Your answer should be only the lines below from the one with "Slide: The Image" to the one with "37 Robert Road", repeated exactly, ends included.

Records shown =>
:::::

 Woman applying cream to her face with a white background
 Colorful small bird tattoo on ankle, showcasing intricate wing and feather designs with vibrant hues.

:::::

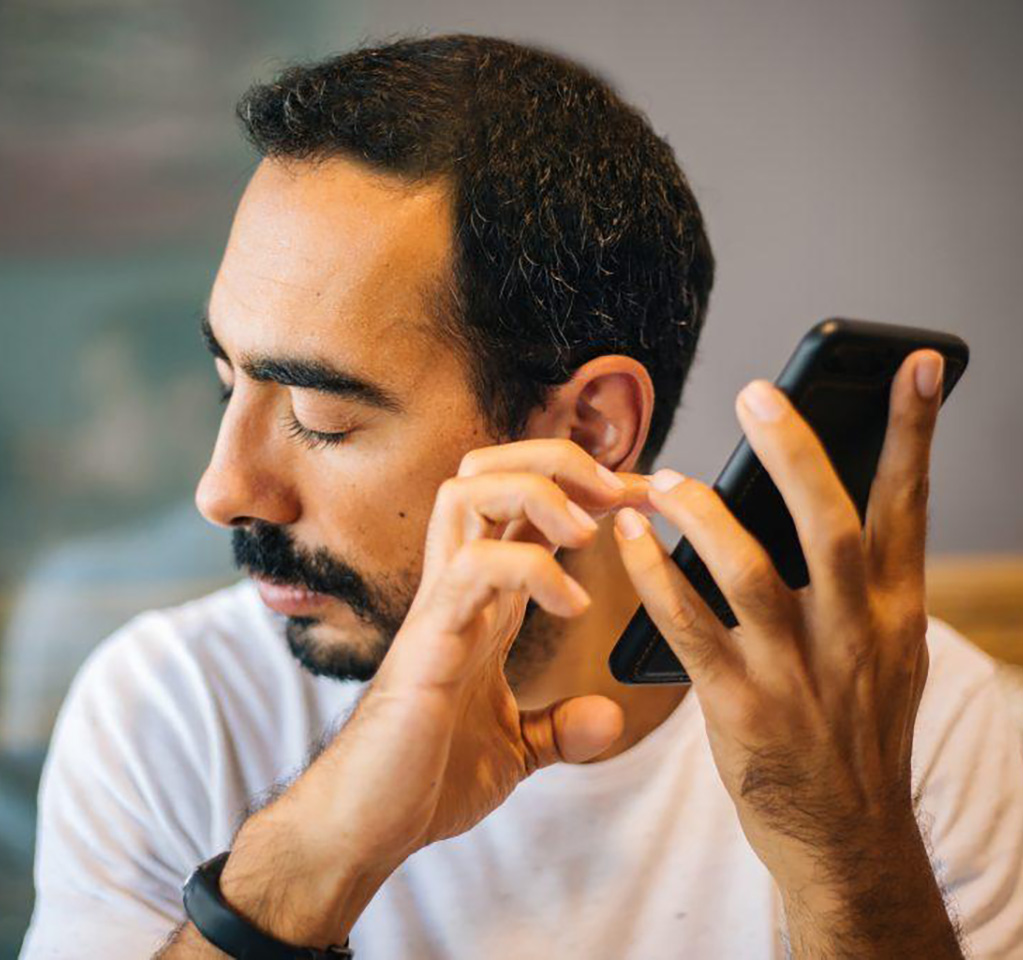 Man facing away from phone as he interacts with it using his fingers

:::::

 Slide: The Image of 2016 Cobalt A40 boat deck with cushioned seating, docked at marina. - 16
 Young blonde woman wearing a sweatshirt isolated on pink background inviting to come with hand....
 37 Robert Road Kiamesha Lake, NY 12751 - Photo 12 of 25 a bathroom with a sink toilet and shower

:::::

Problem solution =>
 Slide: The Image of 2016 Cobalt A40 boat deck with cushioned seating, docked at marina. - 16
 Young blonde woman wearing a sweatshirt isolated on pink background inviting to come with hand....
 37 Robert Road Kiamesha Lake, NY 12751 - Photo 12 of 25 a bathroom with a sink toilet and shower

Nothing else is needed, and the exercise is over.